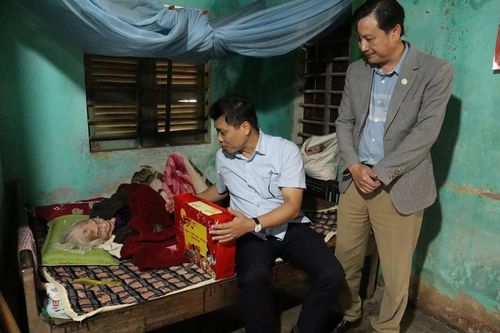 Trưởng ban Tổ chức Thành ủy thăm các gia đình chính sách, người có công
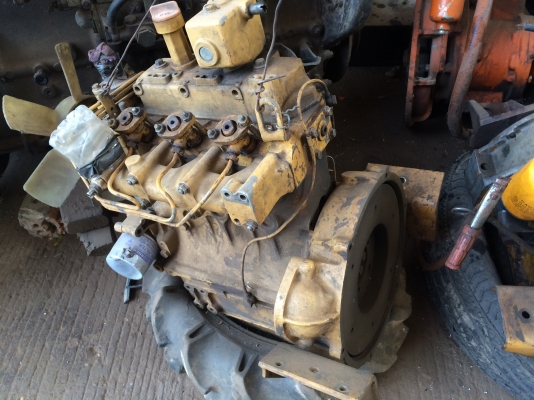 เครื่อง โคมัตสุ 3D84 มือสองจากนอก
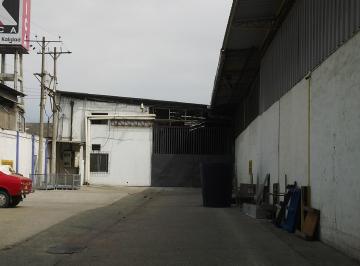 Bodega-Galpón , Guayaquil · Galpon de 1.000 m², Alquiler, con 200 m² de Oficinas, Parqueo, en Tanca Marengo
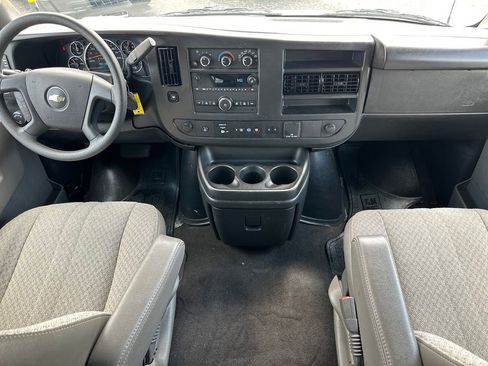 Used 2024 Chevrolet Express 3500 LT w/ LT Preferred Equipment Group RWD image 3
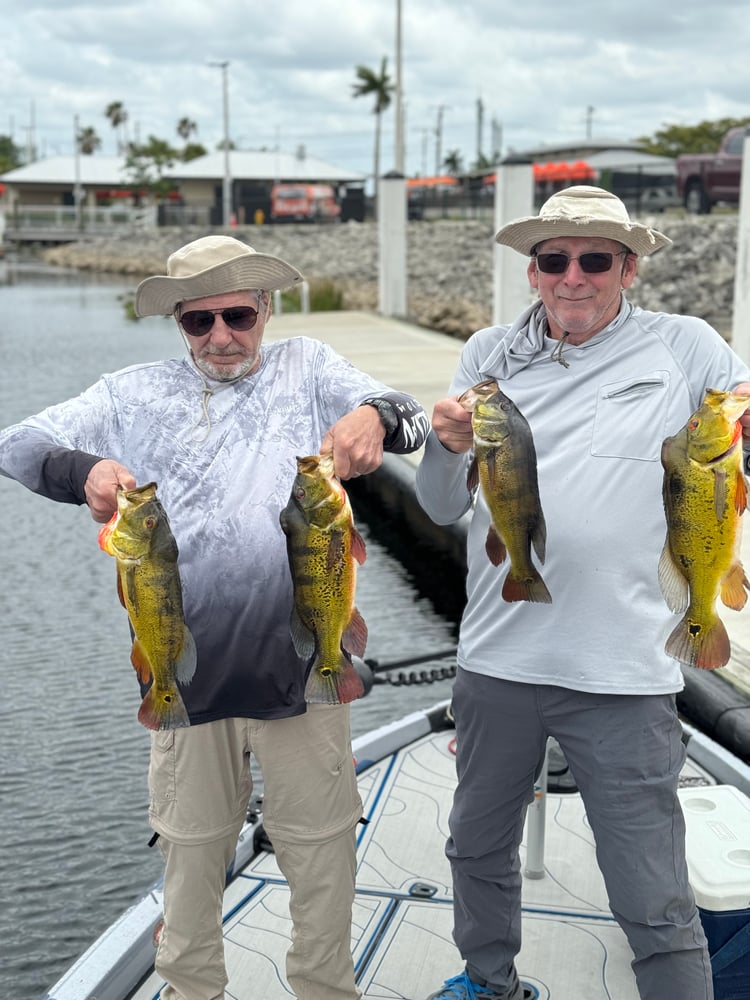 South Florida Diverse Fishing In Montura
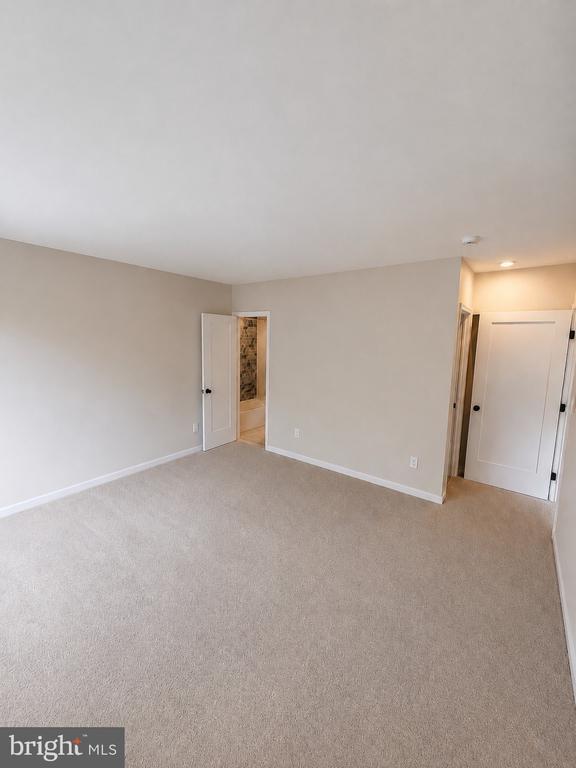Building Photo - 5500 Holmes Run Pkwy
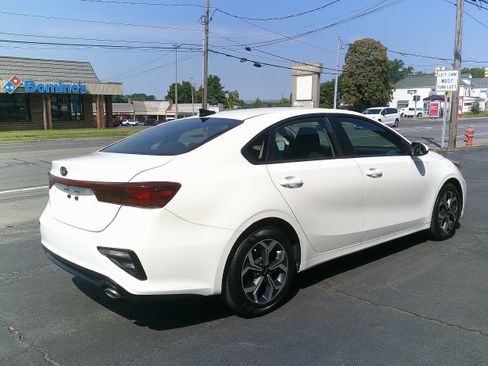 Used 2019 Kia Forte LXS FWD image 9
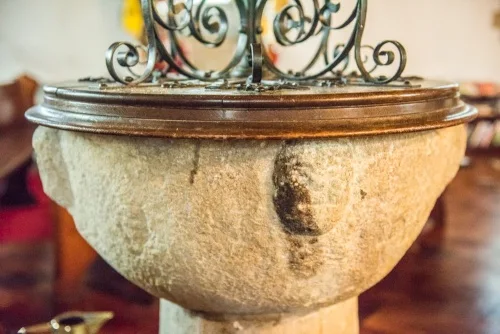 A carved face on the font bowl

========================================================================

### INSTRUCTIONS FOR THE TASK
The line that contains "Used 2024 Chevrolet" begins the range and the last line of the entries ends it; print that range exactly, without pictures.

### TASK ANSWER
 Used 2024 Chevrolet Express 3500 LT w/ LT Preferred Equipment Group RWD image 3
 South Florida Diverse Fishing In Montura
Building Photo - 5500 Holmes Run Pkwy
 Used 2019 Kia Forte LXS FWD image 9
 A carved face on the font bowl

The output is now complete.